(DATA UNDER STUDY begins)

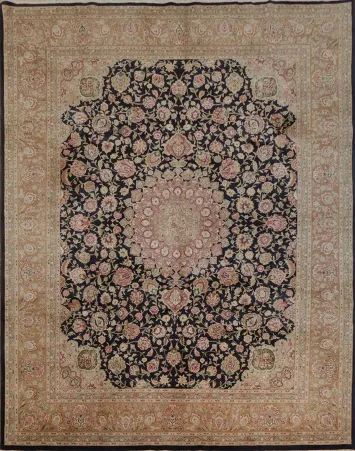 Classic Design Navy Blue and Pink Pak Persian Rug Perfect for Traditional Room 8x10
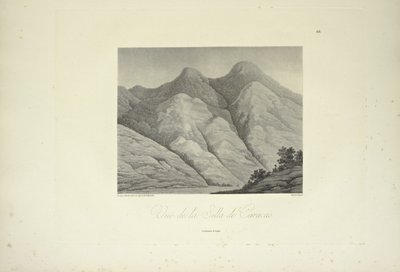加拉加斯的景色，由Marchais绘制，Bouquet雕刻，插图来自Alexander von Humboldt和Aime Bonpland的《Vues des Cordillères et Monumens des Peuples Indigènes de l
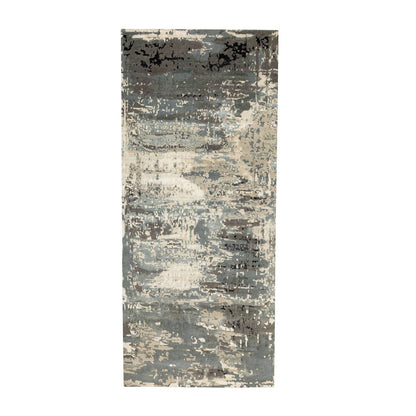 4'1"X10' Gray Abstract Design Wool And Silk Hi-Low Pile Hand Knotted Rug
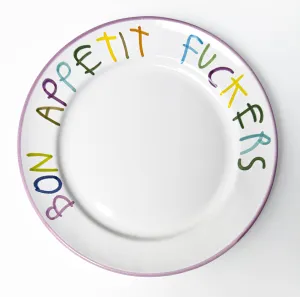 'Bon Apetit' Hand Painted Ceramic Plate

(DATA UNDER STUDY ends)
(DATA UNDER STUDY begins)

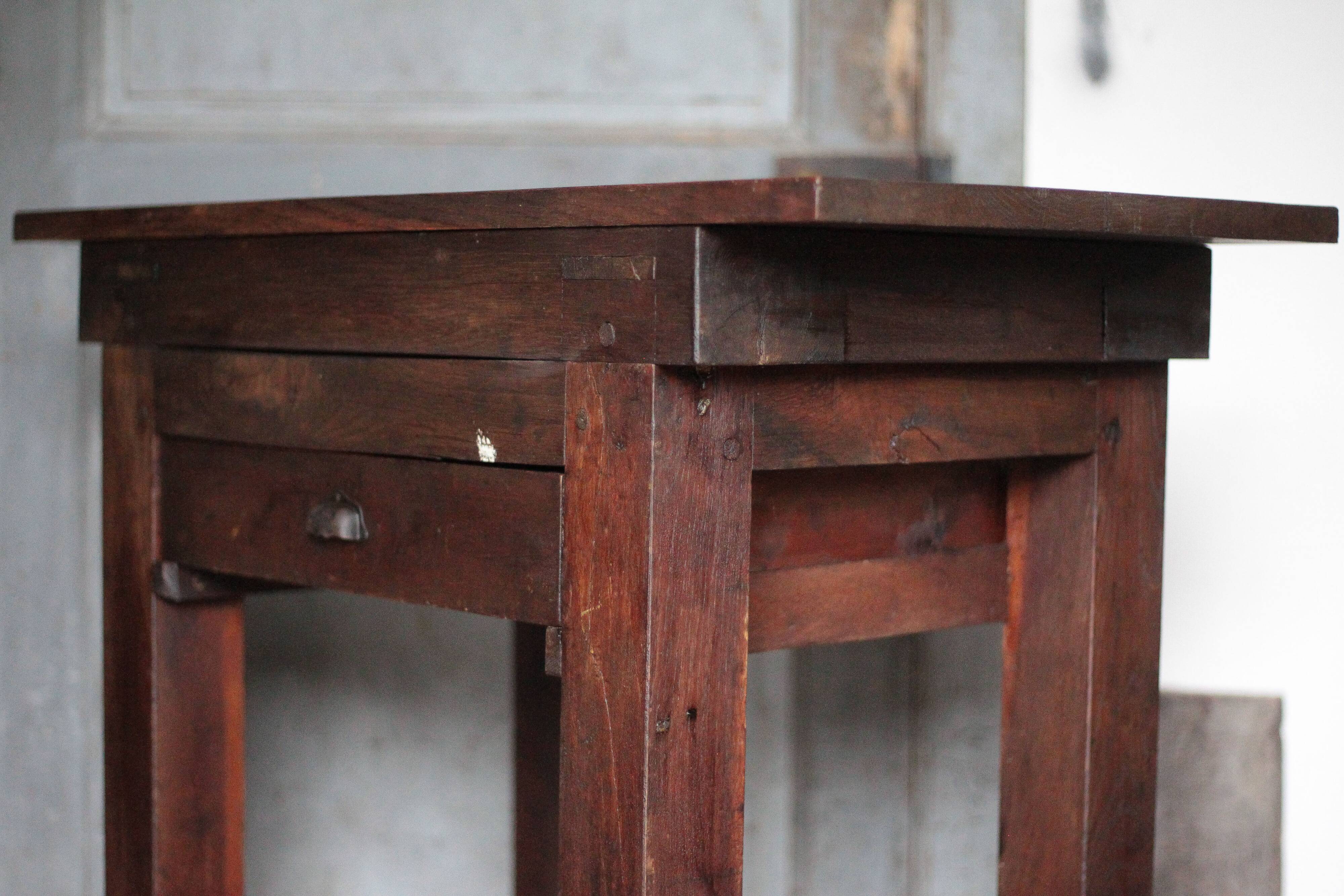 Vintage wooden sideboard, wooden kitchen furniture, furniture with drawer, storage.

(DATA UNDER STUDY ends)

**PROBLEM DETAILS:** Within the listing above, write out the stretch from the line with "Classic Design Navy" through the line with "Hand Knotted Rug" exactly. Any pictures are to be left out.

**OUTPUT:**
 Classic Design Navy Blue and Pink Pak Persian Rug Perfect for Traditional Room 8x10
加拉加斯的景色，由Marchais绘制，Bouquet雕刻，插图来自Alexander von Humboldt和Aime Bonpland的《Vues des Cordillères et Monumens des Peuples Indigènes de l
 4'1"X10' Gray Abstract Design Wool And Silk Hi-Low Pile Hand Knotted Rug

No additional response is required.